OCD at least one sense , can be described as taking actions based on thinking that ‘becomes’ disintegrated from reality and or severely discrete. Locking a door is a positive action in regards personal safety, repetitive checking of the action is a feature of its own but based on a good principle, yeah? In a way we can say OCD helps keep you safe , to a point.

’Staying sober’ and being obsessive about that action seems like it could be an example of ‘using your powers for good’ and perhaps it is or could be to a point. But in the meta sense it is itself misdirected.

Being sober is the default human condition, staying sober requires literally no action. For me , and anecdotally based on the number of quitters’ stories , when I directed my ‘obsession’ to sticking to my decision to quit , was turning my focus to not putting alcohol into my body. The obsession was to compulsively check my thinking and anytime the idea of future alcohol use ‘popped up’ , I would /do dismiss that notion , obsessively.

Not being a drunk , is infinitely more desirable than the alternative, obsessing over not putting booze in my body results in me being perpetually in default mode.

I adopted this mindset by finding AVRT , great threads here on SR in the Secular recovery section.

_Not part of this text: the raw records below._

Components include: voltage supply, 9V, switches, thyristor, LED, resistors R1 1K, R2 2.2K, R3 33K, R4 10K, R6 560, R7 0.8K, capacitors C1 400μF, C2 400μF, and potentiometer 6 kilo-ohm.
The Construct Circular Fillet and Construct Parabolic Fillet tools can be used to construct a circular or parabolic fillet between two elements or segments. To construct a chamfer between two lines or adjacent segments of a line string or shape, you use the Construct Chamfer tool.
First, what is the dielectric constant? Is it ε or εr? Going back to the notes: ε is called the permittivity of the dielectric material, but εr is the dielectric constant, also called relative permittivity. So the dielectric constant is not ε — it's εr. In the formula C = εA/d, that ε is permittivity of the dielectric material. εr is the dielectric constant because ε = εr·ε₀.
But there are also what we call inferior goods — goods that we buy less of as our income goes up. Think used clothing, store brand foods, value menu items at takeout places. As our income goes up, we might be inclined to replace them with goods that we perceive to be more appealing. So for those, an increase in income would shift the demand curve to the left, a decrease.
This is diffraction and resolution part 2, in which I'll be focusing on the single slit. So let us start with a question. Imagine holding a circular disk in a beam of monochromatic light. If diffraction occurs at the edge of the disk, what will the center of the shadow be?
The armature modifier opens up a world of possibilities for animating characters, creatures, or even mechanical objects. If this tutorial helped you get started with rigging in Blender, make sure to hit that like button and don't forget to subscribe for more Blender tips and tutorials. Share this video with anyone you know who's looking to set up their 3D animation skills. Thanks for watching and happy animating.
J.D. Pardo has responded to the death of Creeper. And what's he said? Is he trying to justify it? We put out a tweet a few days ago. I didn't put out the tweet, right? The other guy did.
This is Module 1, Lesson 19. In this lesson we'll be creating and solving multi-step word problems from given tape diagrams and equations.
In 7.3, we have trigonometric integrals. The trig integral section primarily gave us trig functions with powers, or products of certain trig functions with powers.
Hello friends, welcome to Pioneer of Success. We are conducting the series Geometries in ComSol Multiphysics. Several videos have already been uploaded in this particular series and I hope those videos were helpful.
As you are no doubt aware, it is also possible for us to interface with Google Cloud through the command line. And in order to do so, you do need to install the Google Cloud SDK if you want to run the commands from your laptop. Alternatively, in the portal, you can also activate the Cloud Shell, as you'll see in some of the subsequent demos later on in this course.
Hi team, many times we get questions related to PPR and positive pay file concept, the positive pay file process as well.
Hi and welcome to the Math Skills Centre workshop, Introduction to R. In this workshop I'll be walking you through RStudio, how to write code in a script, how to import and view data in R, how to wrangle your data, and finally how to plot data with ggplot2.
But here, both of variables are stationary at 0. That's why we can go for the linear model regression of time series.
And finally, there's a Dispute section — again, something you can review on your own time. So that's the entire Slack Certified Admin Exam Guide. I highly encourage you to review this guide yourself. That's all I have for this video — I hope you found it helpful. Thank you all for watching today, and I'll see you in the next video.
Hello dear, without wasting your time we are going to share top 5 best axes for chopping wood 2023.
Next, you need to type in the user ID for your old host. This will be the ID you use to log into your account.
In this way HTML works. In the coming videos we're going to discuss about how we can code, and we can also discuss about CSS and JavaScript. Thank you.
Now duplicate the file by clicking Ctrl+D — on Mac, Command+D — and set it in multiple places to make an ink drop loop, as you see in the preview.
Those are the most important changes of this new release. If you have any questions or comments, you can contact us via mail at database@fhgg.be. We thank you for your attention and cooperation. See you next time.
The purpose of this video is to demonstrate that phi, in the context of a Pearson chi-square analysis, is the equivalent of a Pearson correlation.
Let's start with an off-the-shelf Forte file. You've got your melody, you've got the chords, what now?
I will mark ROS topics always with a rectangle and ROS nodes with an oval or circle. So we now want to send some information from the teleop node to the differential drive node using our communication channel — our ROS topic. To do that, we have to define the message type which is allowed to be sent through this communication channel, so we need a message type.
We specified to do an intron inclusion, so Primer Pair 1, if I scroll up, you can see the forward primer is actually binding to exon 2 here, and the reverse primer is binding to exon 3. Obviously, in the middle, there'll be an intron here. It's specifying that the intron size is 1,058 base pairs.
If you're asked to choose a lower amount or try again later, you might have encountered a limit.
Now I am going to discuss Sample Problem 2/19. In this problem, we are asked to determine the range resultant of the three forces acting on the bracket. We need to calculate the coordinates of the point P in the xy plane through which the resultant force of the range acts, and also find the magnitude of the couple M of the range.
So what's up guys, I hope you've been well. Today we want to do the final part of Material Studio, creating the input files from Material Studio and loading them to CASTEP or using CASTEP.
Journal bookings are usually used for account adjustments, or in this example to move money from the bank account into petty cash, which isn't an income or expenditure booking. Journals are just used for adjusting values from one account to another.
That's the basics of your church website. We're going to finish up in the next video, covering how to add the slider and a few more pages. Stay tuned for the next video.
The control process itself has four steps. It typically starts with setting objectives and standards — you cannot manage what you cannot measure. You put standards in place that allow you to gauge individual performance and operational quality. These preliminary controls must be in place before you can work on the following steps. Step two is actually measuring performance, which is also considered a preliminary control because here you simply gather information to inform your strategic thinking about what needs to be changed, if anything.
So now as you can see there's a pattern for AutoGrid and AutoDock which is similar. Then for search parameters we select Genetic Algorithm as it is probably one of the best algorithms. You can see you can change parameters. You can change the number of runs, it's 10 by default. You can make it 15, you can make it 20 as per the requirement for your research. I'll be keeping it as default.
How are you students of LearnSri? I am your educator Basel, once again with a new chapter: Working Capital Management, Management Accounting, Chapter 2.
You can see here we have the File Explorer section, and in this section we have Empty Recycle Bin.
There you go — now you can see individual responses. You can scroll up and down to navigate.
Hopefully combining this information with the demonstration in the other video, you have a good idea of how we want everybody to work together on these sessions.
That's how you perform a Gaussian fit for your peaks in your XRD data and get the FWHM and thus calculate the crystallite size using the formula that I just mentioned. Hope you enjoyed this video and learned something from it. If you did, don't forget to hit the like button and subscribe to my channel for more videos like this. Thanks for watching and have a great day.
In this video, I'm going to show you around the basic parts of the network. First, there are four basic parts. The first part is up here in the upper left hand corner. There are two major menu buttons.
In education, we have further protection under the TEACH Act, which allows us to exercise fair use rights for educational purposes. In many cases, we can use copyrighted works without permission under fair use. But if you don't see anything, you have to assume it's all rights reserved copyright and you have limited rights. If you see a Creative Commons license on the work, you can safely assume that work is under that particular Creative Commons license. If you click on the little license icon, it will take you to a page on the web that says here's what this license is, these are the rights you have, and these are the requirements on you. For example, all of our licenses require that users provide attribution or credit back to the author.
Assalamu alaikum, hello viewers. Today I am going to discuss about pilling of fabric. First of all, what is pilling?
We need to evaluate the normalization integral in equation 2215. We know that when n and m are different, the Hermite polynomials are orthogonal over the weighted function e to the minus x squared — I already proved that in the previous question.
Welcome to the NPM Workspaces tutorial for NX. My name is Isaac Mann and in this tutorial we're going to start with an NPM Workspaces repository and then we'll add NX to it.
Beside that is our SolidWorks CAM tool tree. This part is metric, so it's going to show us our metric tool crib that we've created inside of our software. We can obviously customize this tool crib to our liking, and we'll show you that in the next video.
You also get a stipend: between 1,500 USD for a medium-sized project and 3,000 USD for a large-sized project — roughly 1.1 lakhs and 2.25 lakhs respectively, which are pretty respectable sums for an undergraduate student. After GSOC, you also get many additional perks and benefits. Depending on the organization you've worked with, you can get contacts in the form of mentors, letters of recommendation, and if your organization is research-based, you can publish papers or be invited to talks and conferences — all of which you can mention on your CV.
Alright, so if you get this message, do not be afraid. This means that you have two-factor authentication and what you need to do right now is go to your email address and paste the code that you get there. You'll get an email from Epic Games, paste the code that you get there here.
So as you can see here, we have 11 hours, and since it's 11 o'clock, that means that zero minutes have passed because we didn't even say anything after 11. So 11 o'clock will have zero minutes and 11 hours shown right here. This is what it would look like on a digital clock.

Identifying and recognizing the desire for alcohol and isolating My thinking from the influences of that desire , making a Big Plan allowed me to end my addiction, and deciding to never drink again and not change my mind is the ‘obsession’ I and millions of others use to guarantee I’ll never be addicted to alcohol again.

I live very comfortably with obsessively denying residual desire for alcohol , I never drink , even if I can sense the ‘want’ to.